The ARLG is supported by the National Institute of Allergy and Infectious Diseases, part of the National Institutes of Health, under Award Number UM1AI104681. COMBACTE-NET, COMBACTE-CARE, and COMBACTE-MAGNET receive support from the Innovative Medicines Initiative Joint Undertaking under grant agreement n° 115523 | 115620 | 115737 resources of which are composed of financial contribution from the European Union Seventh Framework Programme (FP7/2007-2013) and EFPIA companies in kind contribution. COMBACTE-CDI receives support from the Innovative Medicines Initiative 2 Joint Undertaking under grant agreement n° 777362 resources of which are composed of financial contribution from the European Union’s Horizon 2020 research and innovation programme, and EFPIA. PREPARE is funded by the European Union’s FP7 Programme n° 602525. ECRAID is funded by the European Union’s Horizon 2020 Programme n° 825715.

Susanna Naggie receives IDSA’s Oswald Avery Award for Early Achievement

October 6, 2018 – The award, which recognizes infectious disease specialists under the age of 45, will be presented at ID Week in San Francisco.

The Infectious Diseases Society of America (IDSA) has presented its 2018 Oswald Avery Award for Early Achievement to the DCRI’s Susanna Naggie, MD, MHS, for her novel research on the treatment of patients co-infected with HIV and hepatitis C virus (HCV).

The award, which will be formally presented at ID Week 2018 in San Francisco, recognizes members or fellows of IDSA age 45 or younger who have demonstrated outstanding achievements in an area of infectious diseases.

“I was very surprised because I had no idea I’d been nominated,” Naggie said. “When I learned that two of my colleagues from outside of Duke nominated me, it meant a lot to know they found my work meaningful. As investigators we hope that our work is impactful and ultimately translates to improved health of our patients.”

Naggie’s research focuses on the mechanisms of accelerated liver fibrogenesis in HIV/HCV-infected patients. Her work has helped define the role of pharmacogenomics and mechanistic studies of HCV treatment response in these patients, including studies of single-nucleotide polymorphisms in HCV therapy and associated liver disease.

Her group was the first to report that black patients who carried the favorable CC genotype had more immune dysregulation than non-black patients without the favorable genotype. This research has laid an important foundation for understanding the disparity in HCV treatment response in co-infected African Americans.

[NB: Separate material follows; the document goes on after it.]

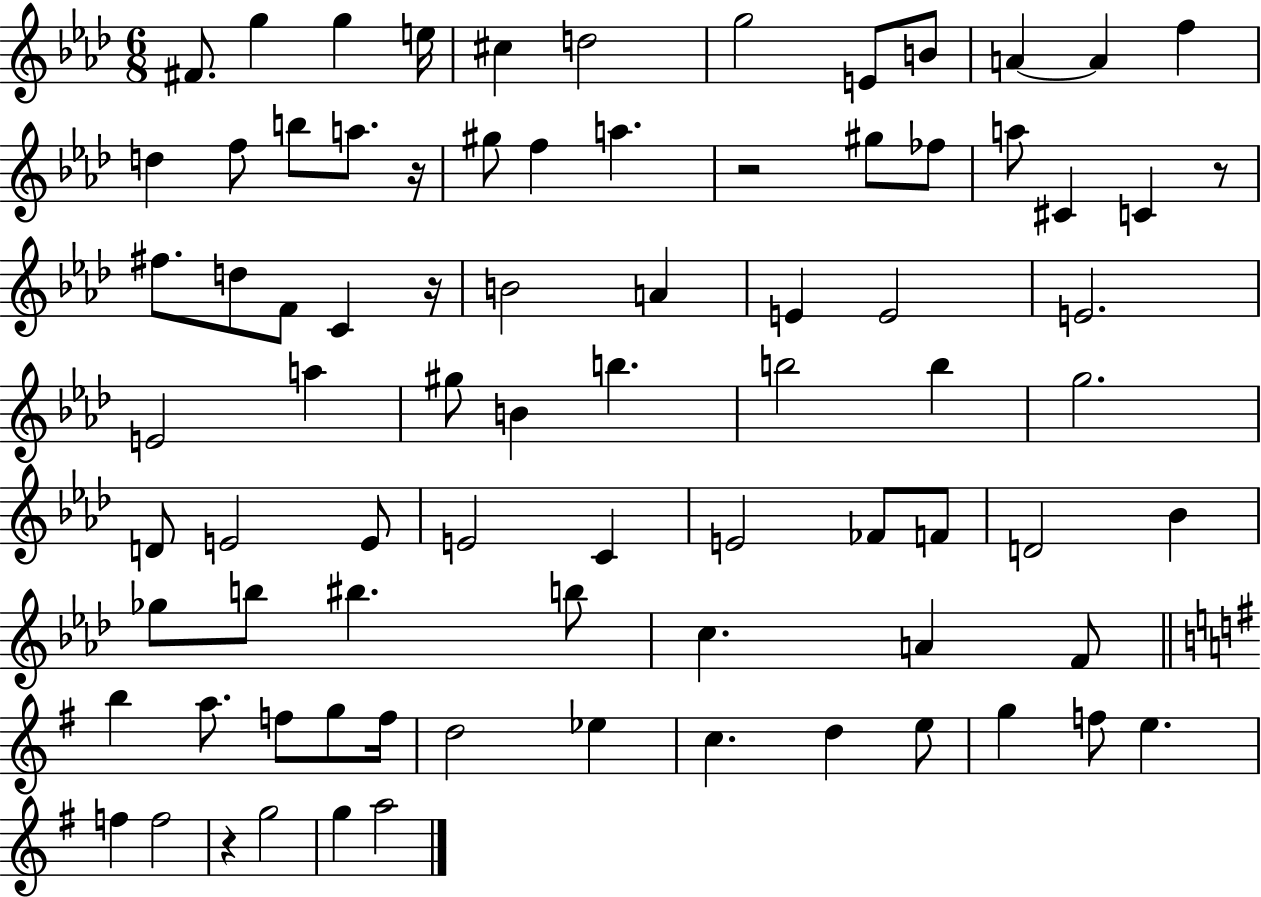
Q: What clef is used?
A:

“I have had fantastic mentorship at Duke and in the DCRI as well as externally,” Naggie said. “[Former Gastroenterology director] John McHutchison and Shyam Kottilil enabled me to get exposure that laid the groundwork for the work that we accomplished early on and the work that is ongoing. Many others have given me opportunities, for which I am very appreciative.”

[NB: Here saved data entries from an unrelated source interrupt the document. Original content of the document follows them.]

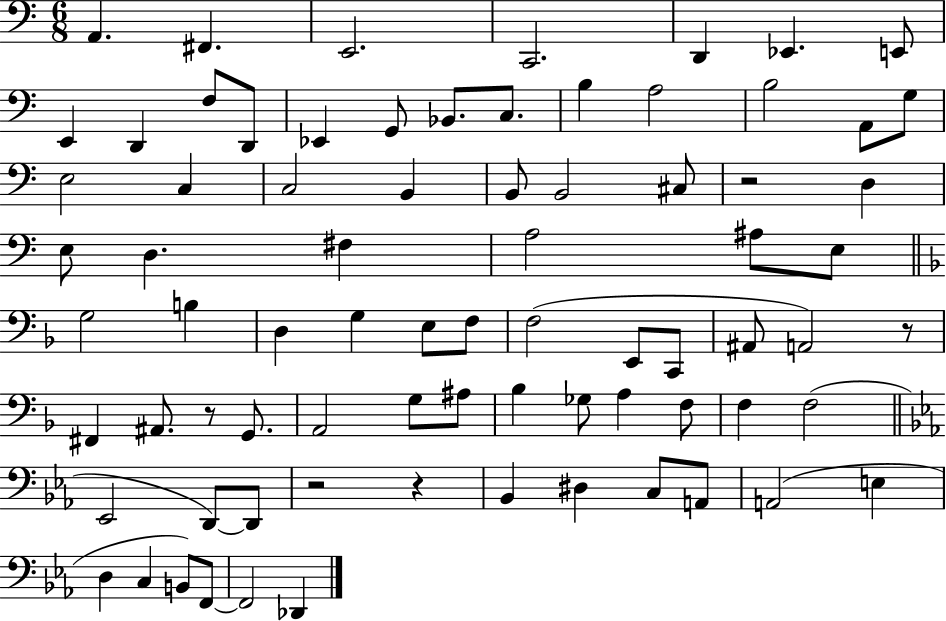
{
  \clef bass
  \numericTimeSignature
  \time 6/8
  \key c \major
  a,4. fis,4. | e,2. | c,2. | d,4 ees,4. e,8 | \break e,4 d,4 f8 d,8 | ees,4 g,8 bes,8. c8. | b4 a2 | b2 a,8 g8 | \break e2 c4 | c2 b,4 | b,8 b,2 cis8 | r2 d4 | \break e8 d4. fis4 | a2 ais8 e8 | \bar "||" \break \key d \minor g2 b4 | d4 g4 e8 f8 | f2( e,8 c,8 | ais,8 a,2) r8 | \break fis,4 ais,8. r8 g,8. | a,2 g8 ais8 | bes4 ges8 a4 f8 | f4 f2( | \break \bar "||" \break \key c \minor ees,2 d,8~~) d,8 | r2 r4 | bes,4 dis4 c8 a,8 | a,2( e4 | \break d4 c4 b,8) f,8~~ | f,2 des,4 | \bar "|."
}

Currently an associate professor of medicine at Duke University School of Medicine, where she has been a member of the faculty since 2009, Naggie is medical director of the Department of Medicine’s Clinical Research Unit and director of infectious diseases research at the DCRI. In addition to her own research, she has served as the primary mentor for many trainees, including interns, residents, fellows, and junior faculty.

Naggie has served as a member and co-chair of the IDSA and American Association for the Study of Liver Diseases HCV guidance panel, as a member of the Department of Health and Human Services Panel on Antiretroviral Guidelines for Adults and Adolescents, and as a member or leader of several other notable national committees and groups. A graduate of Johns Hopkins University School of Medicine, Naggie completed her internship, residency, chief residency, and ID fellowship training at Duke, where she also earned a master of health sciences degree in clinical research.